80 Tahun Indonesia: Kerja Senyap Menjaga Kedaulatan, Keadilan dan Kemanusiaan

Breaking News
- Advertisement -

 

  • Oleh: Ir. Abdullah Rasyid, ME, Staf Khusus Menteri Imigrasi dan Pemasyarakatan RI

 

Mudanews.cim OPINI – Di tengah peringatan 80 tahun kemerdekaan Indonesia ini, saya ingin mengajak membicarakan dua hal yang jarang dibicarakan orang: yaitu Imigrasi dan Pemasyarakatan. Tentu kita sudah tahu institusi ini. Dan umumnya kita menganggap bahwa ini adalah unit teknis, yang tak terlalu menarik untuk diperhatikan. Padahal, Imigrasi dan Pemasyarakatan adalah pilar senyap yang menjaga kedaulatan, keadilan dan kemanusiaan negeri kita.

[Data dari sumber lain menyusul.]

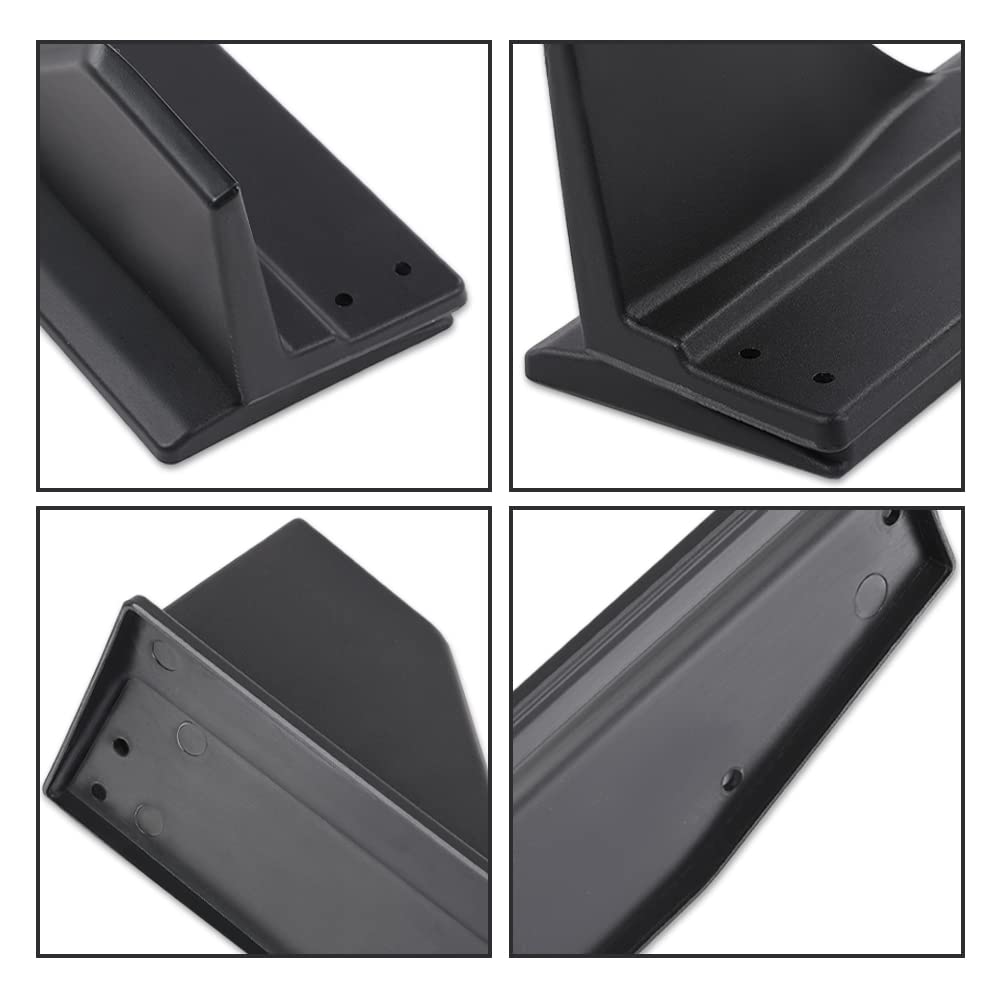 G-PLUS Side Skirt Extension Compatible with Ford Mustang 2015-2023 W/Winglet GT500 Style Matte Black Side Skirt Extension Rocker Panel Driver Passenger Side Black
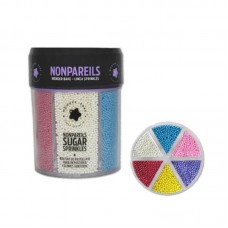 Set Sprinkles Comestibles Nonpareils 6 Diseños Bottle 195Gr Wonder Bake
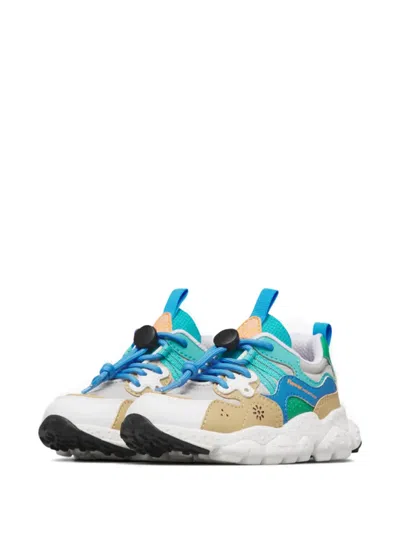 Flower Mountain Kids' Yamano 3 Panelled Sneakers In Multi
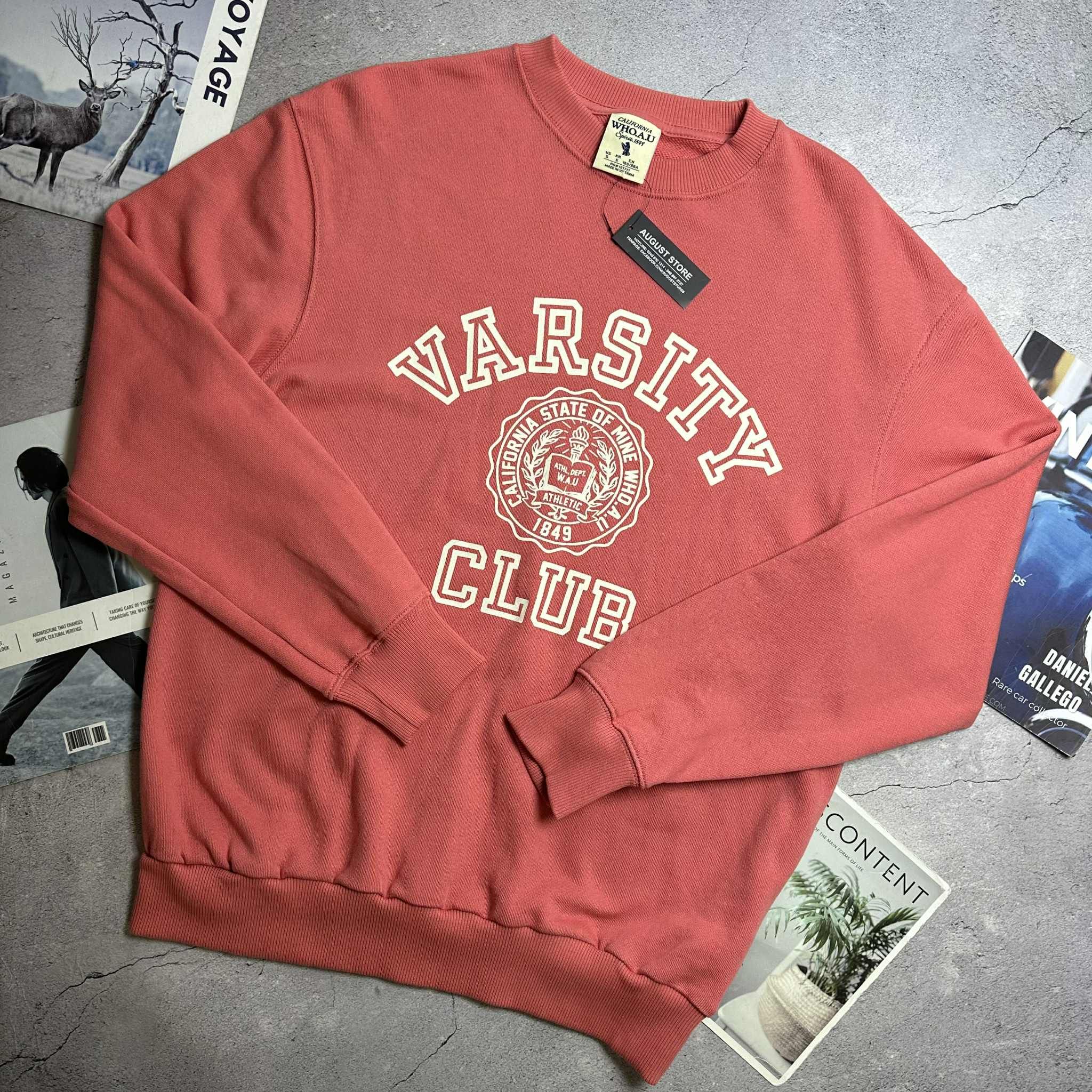 ÁO NỈ WHO.AU CALIFORNIA LETTER 7114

Imigrasi lebih dari sekadar urusan stempel paspor di bandara. Ia adalah benteng kedaulatan yang terus beradaptasi. Jika dulu kita harus mengantre panjang untuk mengurus paspor, kini ada e-Paspor dan aplikasi M-Paspor yang membuat prosesnya secepat kilat. Penerapan e-Visa juga berhasil mendongkrak jumlah wisatawan asing, menunjukkan bahwa Indonesia tak hanya berdaulat, tapi juga ramah terhadap dunia.

Gerbang-gerbang nusantara kini dilengkapi dengan teknologi biometrik yang berfungsi layaknya “mata elang” untuk mengawasi setiap orang yang masuk. Di tingkat global, Indonesia aktif bekerja sama memerangi perdagangan manusia, menegaskan keseriusan kita dalam menjaga martabat bangsa. Kebijakan bebas visa yang selektif juga menjadi bukti bahwa kita bisa membuka pintu tanpa mengorbankan keamanan.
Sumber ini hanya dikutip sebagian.